Market Professionals, Insider Trading And Credit Default Swaps

The SEC brought another market crisis cases earlier this week, SEC v. Rorech, Civil Action No. 09 CV 4329 (S.D.N.Y. Filed May 5, 2009). This action is based on an insider trading claim against two market professionals for trading in credit default swaps. The trading was not for their personal accounts. Rather, it was for the benefit on one defendant’s employer.

The facts to the case, as detailed in the complaint, present a straight forward insider trading fact pattern. According to the complaint, Renato Negrin, a former portfolio manager at investment adviser Millennium Partners, L.P., and Jon-Paul Rorech, a salesman at Deutsche Bank Securities, Inc., engaged in insider trading regarding the credit default swaps of VNU N.V., a privately held Dutch media conglomerate, now known as the Nielsen Company. The company had been taken private by a group of private equity companies. The restructuring of the financing for that transaction included a bond offering which is the predicate for the case here.

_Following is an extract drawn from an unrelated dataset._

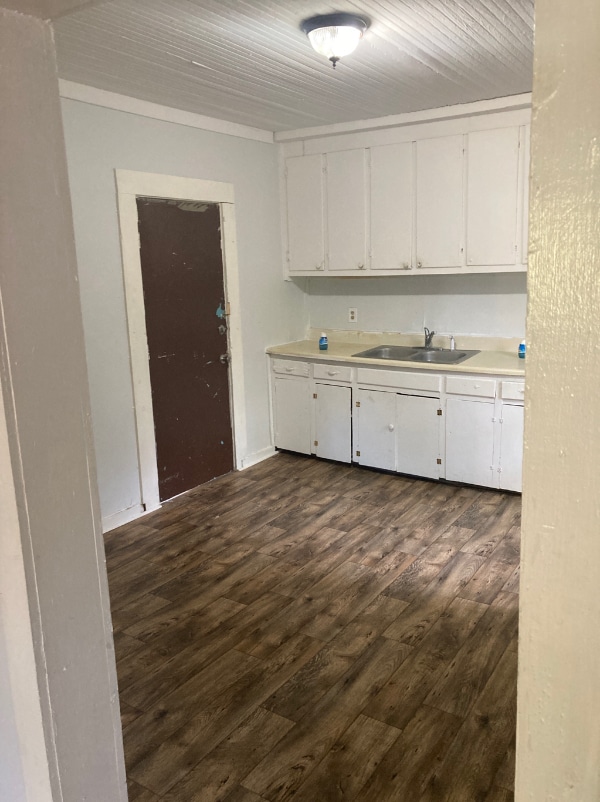 Building Photo - 303 Summeral St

According to the SEC, Mr. Rorech learned about the restructuring of the bond offering related to VNU through his employment at Deutsche Bank in July 2006. In a series of phone calls, some of which were recorded and some of which were made on cell phones, Mr. Rorech told Renato Negrin about the transaction. Mr. Negrin purchased CDSs covering the VNU bonds based on information about the restructuring when that information was non-public. At the time of these conversations, there was a limited supply of bonds covered by the CDSs. An increase in the supply of VNU bonds deliverable into the CDSs would result in more exposure and demand for the credit default swaps covering the default of the bonds. This would increase their market price, according to the complaint.

The complaint alleges that Defendant Negrin purchased about 20 million euros worth of VNU CDSs in two transactions on behalf of a hedge funds advised by Millennium. After the public announcement of the restructuring, the credit default swaps were sold for a profit of about $1.2 million.

For passing on the confidential information, the SEC claims that Mr. Rorech received a benefit because it solidified his client relationship with Mr. Negrin. He also received credit from his employer toward compensation for trades placed by his clients, including those of Mr. Negrin.

The SEC’s complaint alleges violations of Section 10b and Rule 10(b)-5. In this regard is specifies that: “The CDSs at issue in this matter qualify as security-based swap agreements under the Gramm-Leach-Bliley Act of 2002 and are therefore subject to the antifraud provisions set forth in Section 10(b) of the Exchange Act and the rules promulgated thereunder.” Under Section 206B of that Act, a security based swap agreement is one “of which a material term is based on the price, yield, value, or volatility of any security or any group of index or securities, or any interest therein.”

In its complaint, which is in litigation, the SEC seeks an injunction, disgorgement and civil penalties against Messrs. Rorech and Negrin. This is the Commission’s first insider trading case based on trading in credit default swaps.